> [Goal of the exercise] Every entry has to be output exactly, with none skipped.

> [Records contained in a dataset]
========================================================================

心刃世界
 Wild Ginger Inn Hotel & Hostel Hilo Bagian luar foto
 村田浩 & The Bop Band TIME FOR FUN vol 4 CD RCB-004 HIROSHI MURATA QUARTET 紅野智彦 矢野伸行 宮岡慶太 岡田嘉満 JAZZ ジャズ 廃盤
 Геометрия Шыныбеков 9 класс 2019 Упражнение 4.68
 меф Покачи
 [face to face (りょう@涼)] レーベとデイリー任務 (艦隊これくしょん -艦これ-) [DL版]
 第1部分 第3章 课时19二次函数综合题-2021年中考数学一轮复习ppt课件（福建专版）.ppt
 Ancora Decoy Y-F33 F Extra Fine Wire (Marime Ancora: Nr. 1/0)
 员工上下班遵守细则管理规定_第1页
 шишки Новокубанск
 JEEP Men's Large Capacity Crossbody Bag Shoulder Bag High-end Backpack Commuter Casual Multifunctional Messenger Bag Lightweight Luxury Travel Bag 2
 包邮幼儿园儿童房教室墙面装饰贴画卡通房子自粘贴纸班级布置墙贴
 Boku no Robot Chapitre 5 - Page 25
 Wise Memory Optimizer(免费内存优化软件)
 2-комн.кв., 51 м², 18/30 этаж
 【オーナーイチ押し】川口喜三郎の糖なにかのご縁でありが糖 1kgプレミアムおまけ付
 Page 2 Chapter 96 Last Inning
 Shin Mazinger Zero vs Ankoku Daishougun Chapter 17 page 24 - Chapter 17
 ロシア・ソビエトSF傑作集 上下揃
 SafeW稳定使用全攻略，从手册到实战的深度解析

========================================================================

> [Task response]
心刃世界
 Wild Ginger Inn Hotel & Hostel Hilo Bagian luar foto
 村田浩 & The Bop Band TIME FOR FUN vol 4 CD RCB-004 HIROSHI MURATA QUARTET 紅野智彦 矢野伸行 宮岡慶太 岡田嘉満 JAZZ ジャズ 廃盤
 Геометрия Шыныбеков 9 класс 2019 Упражнение 4.68
 меф Покачи
 [face to face (りょう@涼)] レーベとデイリー任務 (艦隊これくしょん -艦これ-) [DL版]
 第1部分 第3章 课时19二次函数综合题-2021年中考数学一轮复习ppt课件（福建专版）.ppt
 Ancora Decoy Y-F33 F Extra Fine Wire (Marime Ancora: Nr. 1/0)
 员工上下班遵守细则管理规定_第1页
 шишки Новокубанск
 JEEP Men's Large Capacity Crossbody Bag Shoulder Bag High-end Backpack Commuter Casual Multifunctional Messenger Bag Lightweight Luxury Travel Bag 2
 包邮幼儿园儿童房教室墙面装饰贴画卡通房子自粘贴纸班级布置墙贴
 Boku no Robot Chapitre 5 - Page 25
 Wise Memory Optimizer(免费内存优化软件)
 2-комн.кв., 51 м², 18/30 этаж
 【オーナーイチ押し】川口喜三郎の糖なにかのご縁でありが糖 1kgプレミアムおまけ付
 Page 2 Chapter 96 Last Inning
 Shin Mazinger Zero vs Ankoku Daishougun Chapter 17 page 24 - Chapter 17
 ロシア・ソビエトSF傑作集 上下揃
 SafeW稳定使用全攻略，从手册到实战的深度解析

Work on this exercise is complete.